> Problem description: Every record has to be written out exactly, with no line missing.

Source records:
%%

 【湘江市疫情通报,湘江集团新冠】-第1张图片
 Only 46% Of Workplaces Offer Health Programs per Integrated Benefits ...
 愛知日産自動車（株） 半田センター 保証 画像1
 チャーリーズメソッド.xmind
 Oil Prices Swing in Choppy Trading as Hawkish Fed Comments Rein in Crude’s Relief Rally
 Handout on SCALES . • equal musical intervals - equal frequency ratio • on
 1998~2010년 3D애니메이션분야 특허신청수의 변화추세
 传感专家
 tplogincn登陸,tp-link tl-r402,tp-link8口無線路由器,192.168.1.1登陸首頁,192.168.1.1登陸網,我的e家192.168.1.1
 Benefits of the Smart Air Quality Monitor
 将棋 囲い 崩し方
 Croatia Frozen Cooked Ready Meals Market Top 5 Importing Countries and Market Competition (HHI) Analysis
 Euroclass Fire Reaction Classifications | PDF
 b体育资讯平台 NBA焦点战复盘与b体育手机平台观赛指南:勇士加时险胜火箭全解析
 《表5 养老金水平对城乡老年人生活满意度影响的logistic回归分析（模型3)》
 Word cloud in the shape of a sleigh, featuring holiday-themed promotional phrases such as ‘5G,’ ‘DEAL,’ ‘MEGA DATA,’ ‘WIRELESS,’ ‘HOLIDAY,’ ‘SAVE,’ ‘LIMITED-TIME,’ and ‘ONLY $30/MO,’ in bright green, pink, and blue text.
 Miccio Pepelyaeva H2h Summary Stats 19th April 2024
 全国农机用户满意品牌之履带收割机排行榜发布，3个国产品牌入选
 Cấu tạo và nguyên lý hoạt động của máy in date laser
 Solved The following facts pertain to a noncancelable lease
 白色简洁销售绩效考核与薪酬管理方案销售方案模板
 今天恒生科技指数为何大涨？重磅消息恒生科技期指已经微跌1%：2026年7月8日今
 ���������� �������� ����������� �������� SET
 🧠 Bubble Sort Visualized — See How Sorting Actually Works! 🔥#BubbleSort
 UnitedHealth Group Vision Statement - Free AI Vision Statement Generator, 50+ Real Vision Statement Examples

%%

> Written answer:
 【湘江市疫情通报,湘江集团新冠】-第1张图片
 Only 46% Of Workplaces Offer Health Programs per Integrated Benefits ...
 愛知日産自動車（株） 半田センター 保証 画像1
 チャーリーズメソッド.xmind
 Oil Prices Swing in Choppy Trading as Hawkish Fed Comments Rein in Crude’s Relief Rally
 Handout on SCALES . • equal musical intervals - equal frequency ratio • on
 1998~2010년 3D애니메이션분야 특허신청수의 변화추세
 传感专家
 tplogincn登陸,tp-link tl-r402,tp-link8口無線路由器,192.168.1.1登陸首頁,192.168.1.1登陸網,我的e家192.168.1.1
 Benefits of the Smart Air Quality Monitor
 将棋 囲い 崩し方
 Croatia Frozen Cooked Ready Meals Market Top 5 Importing Countries and Market Competition (HHI) Analysis
 Euroclass Fire Reaction Classifications | PDF
 b体育资讯平台 NBA焦点战复盘与b体育手机平台观赛指南:勇士加时险胜火箭全解析
 《表5 养老金水平对城乡老年人生活满意度影响的logistic回归分析（模型3)》
 Word cloud in the shape of a sleigh, featuring holiday-themed promotional phrases such as ‘5G,’ ‘DEAL,’ ‘MEGA DATA,’ ‘WIRELESS,’ ‘HOLIDAY,’ ‘SAVE,’ ‘LIMITED-TIME,’ and ‘ONLY $30/MO,’ in bright green, pink, and blue text.
 Miccio Pepelyaeva H2h Summary Stats 19th April 2024
 全国农机用户满意品牌之履带收割机排行榜发布，3个国产品牌入选
 Cấu tạo và nguyên lý hoạt động của máy in date laser
 Solved The following facts pertain to a noncancelable lease
 白色简洁销售绩效考核与薪酬管理方案销售方案模板
 今天恒生科技指数为何大涨？重磅消息恒生科技期指已经微跌1%：2026年7月8日今
 ���������� �������� ����������� �������� SET
 🧠 Bubble Sort Visualized — See How Sorting Actually Works! 🔥#BubbleSort
 UnitedHealth Group Vision Statement - Free AI Vision Statement Generator, 50+ Real Vision Statement Examples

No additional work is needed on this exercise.